Exercise objective: Beginning at the line containing "A Chinese porcelain", repeat each line below exactly up to and including the line containing "Lonely Woman in". Do not repeat the pictures.

Available data:
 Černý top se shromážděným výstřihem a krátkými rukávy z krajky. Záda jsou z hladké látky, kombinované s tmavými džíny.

* * *

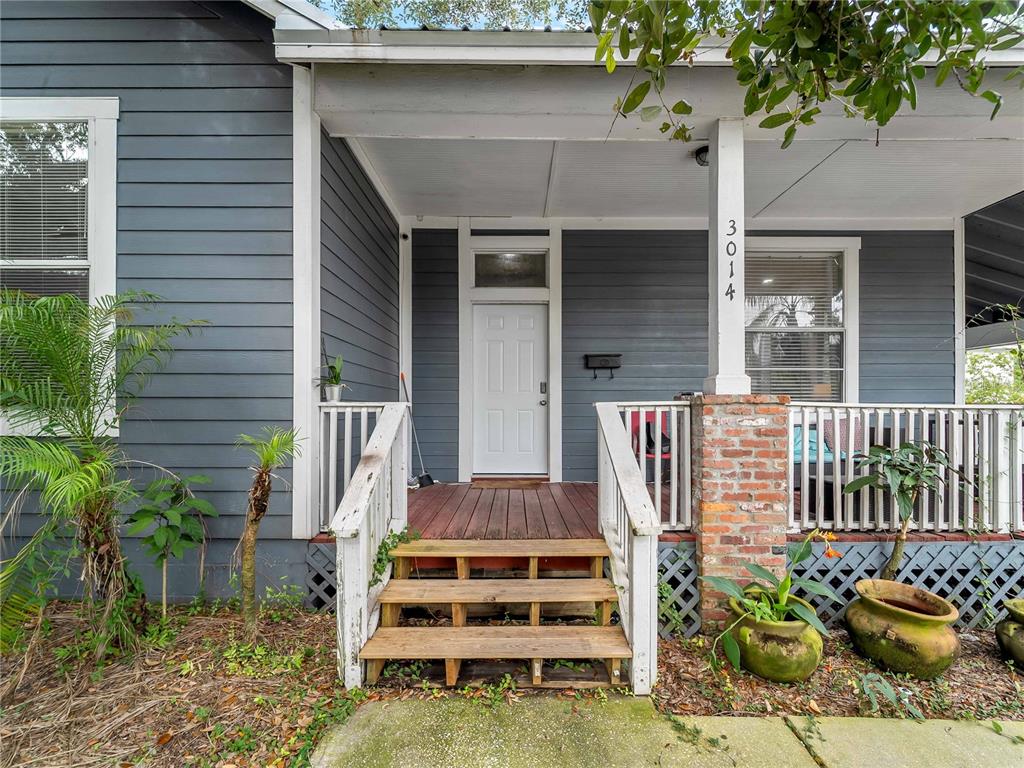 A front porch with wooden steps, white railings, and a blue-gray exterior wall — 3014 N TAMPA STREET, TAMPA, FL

---

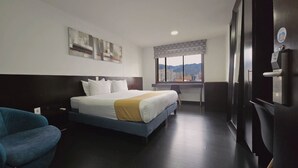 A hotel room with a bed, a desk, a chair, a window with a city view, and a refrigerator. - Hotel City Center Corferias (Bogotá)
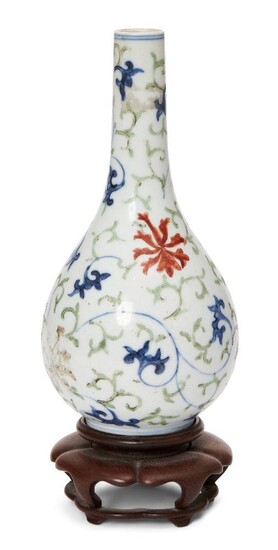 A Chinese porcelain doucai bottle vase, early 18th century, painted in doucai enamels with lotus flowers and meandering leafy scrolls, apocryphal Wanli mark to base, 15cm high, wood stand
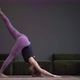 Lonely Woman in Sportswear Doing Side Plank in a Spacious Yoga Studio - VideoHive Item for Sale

Result of this task:
 A Chinese porcelain doucai bottle vase, early 18th century, painted in doucai enamels with lotus flowers and meandering leafy scrolls, apocryphal Wanli mark to base, 15cm high, wood stand
 Lonely Woman in Sportswear Doing Side Plank in a Spacious Yoga Studio - VideoHive Item for Sale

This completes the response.